From: "Daniel P. Berrange" <berrange@redhat.com>
To: qemu-devel@nongnu.org
Cc: Kevin Wolf <kwolf@redhat.com>, Max Reitz <mreitz@redhat.com>,
qemu-block@nongnu.org, "Daniel P. Berrange" <berrange@redhat.com>
Subject: [Qemu-devel] [PATCH v1 02/15] block: add ability to set a prefix for opt names
Date: Tue, 3 Jan 2017 18:27:48 +0000 [thread overview]
Message-ID: <20170103182801.9638-3-berrange@redhat.com> (raw)

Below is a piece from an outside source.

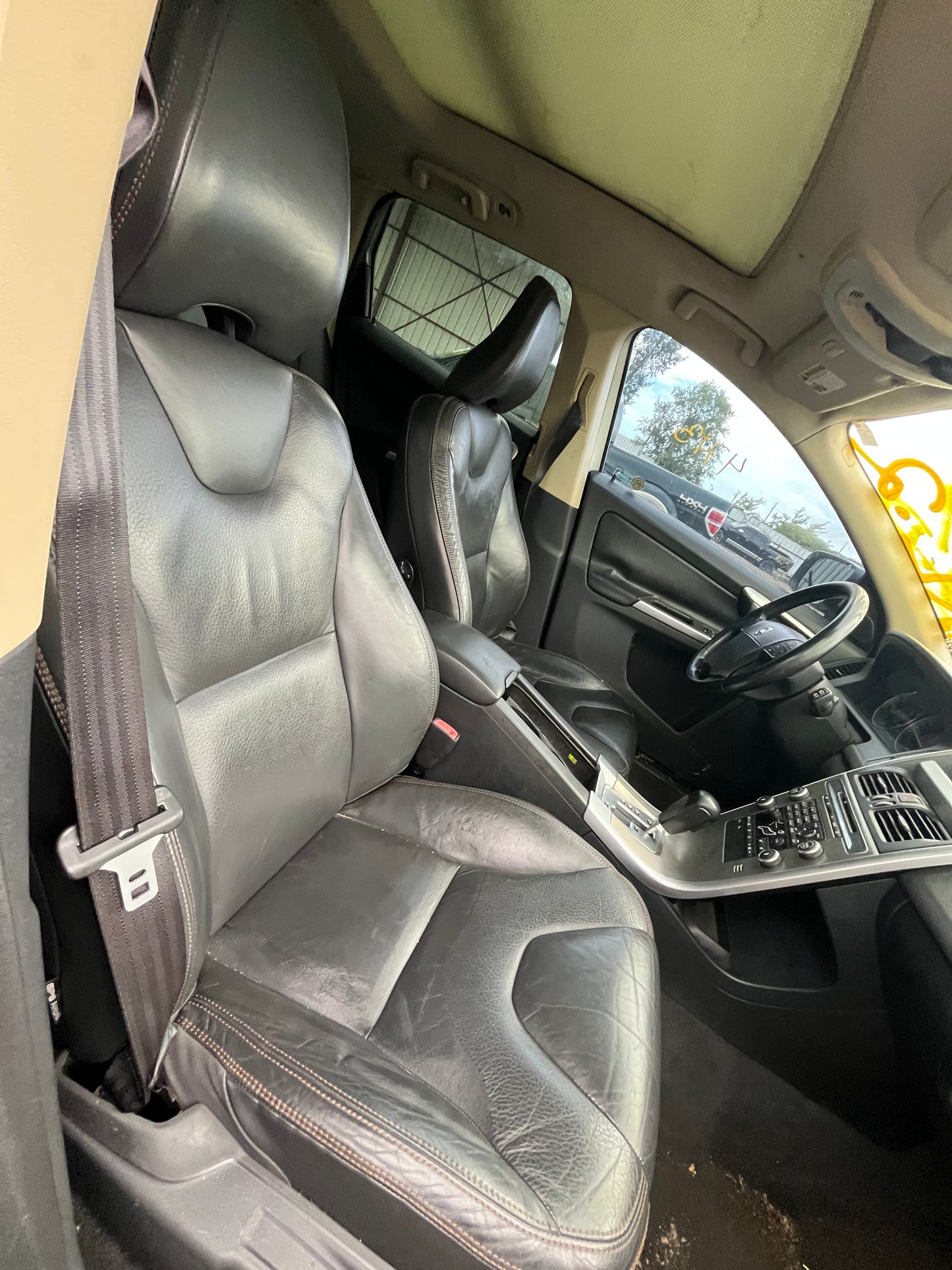 2010-2013 Volvo XC60 - Stock #: M19092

In-Reply-To: <20170103182801.9638-1-berrange@redhat.com>
When integrating the crypto support with qcow/qcow2, we don't
want to use the bare LUKS option names "hash-alg", "key-secret",
etc. We want to namespace them "luks-hash-alg", "luks-key-secret"
so that they don't clash with any general qcow options at a later
date.
Signed-off-by: Daniel P. Berrange <berrange@redhat.com>
---
block/crypto.c | 110 +++++++++++++++++++++++++++++++++++++++++++++++++--------
block/crypto.h | 42 +++++++++++-----------
2 files changed, 118 insertions(+), 34 deletions(-)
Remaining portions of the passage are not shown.